• [What is needed]
Take the data below and extract the lines from the one with "sankryža: Naktis buvo" to the one with "South Indian Festival", inclusive, exactly as written.

• [Supplied material]
##############################

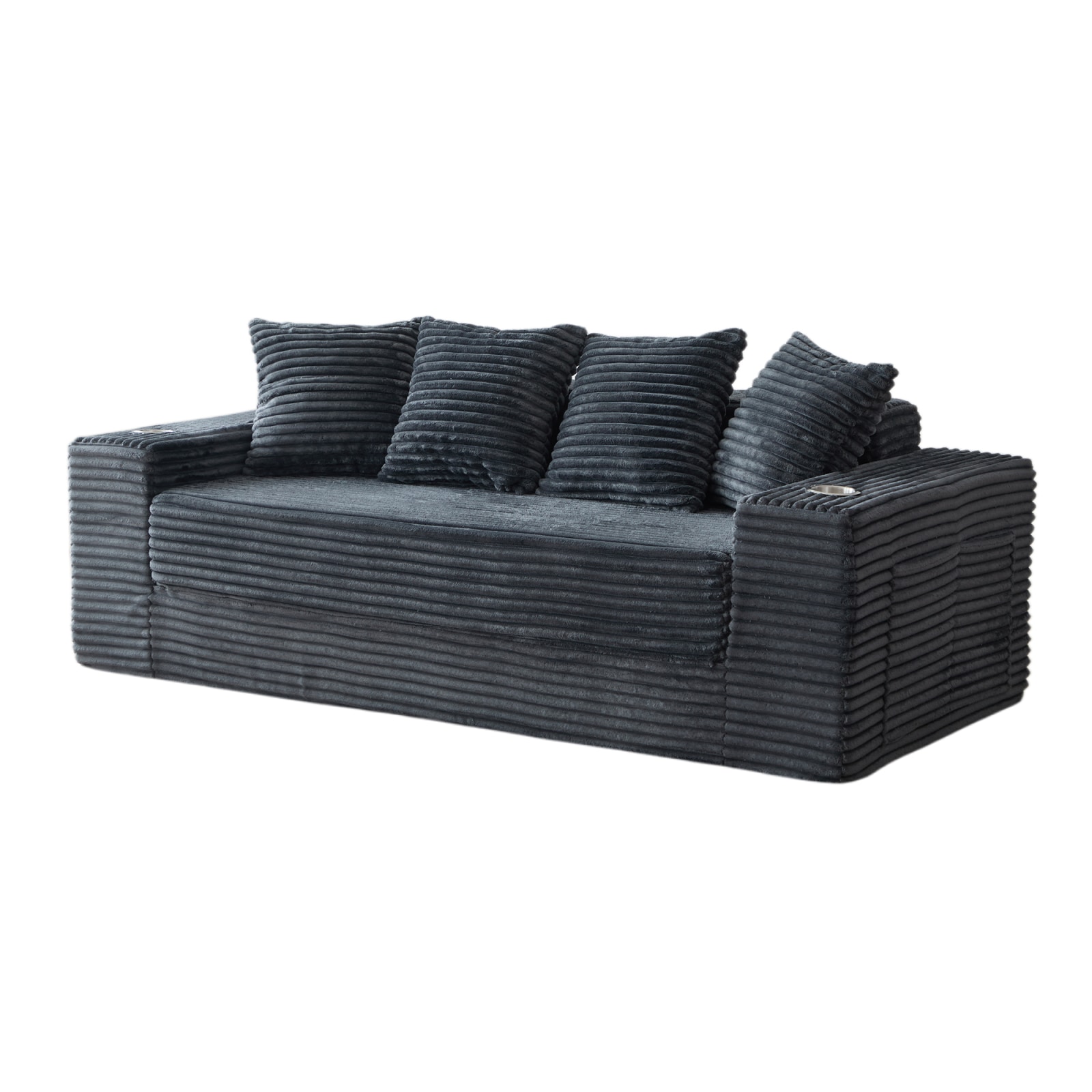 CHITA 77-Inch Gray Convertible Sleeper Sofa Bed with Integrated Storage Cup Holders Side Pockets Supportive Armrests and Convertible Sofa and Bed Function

##############################

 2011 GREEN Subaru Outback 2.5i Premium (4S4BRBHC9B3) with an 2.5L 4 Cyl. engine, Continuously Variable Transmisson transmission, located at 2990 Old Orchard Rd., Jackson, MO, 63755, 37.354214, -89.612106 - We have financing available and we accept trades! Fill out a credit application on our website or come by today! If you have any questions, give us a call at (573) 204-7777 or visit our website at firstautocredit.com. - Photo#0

##############################

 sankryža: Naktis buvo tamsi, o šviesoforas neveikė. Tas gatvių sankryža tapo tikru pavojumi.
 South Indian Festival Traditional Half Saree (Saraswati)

##############################

• [Solution to this problem]
 sankryža: Naktis buvo tamsi, o šviesoforas neveikė. Tas gatvių sankryža tapo tikru pavojumi.
 South Indian Festival Traditional Half Saree (Saraswati)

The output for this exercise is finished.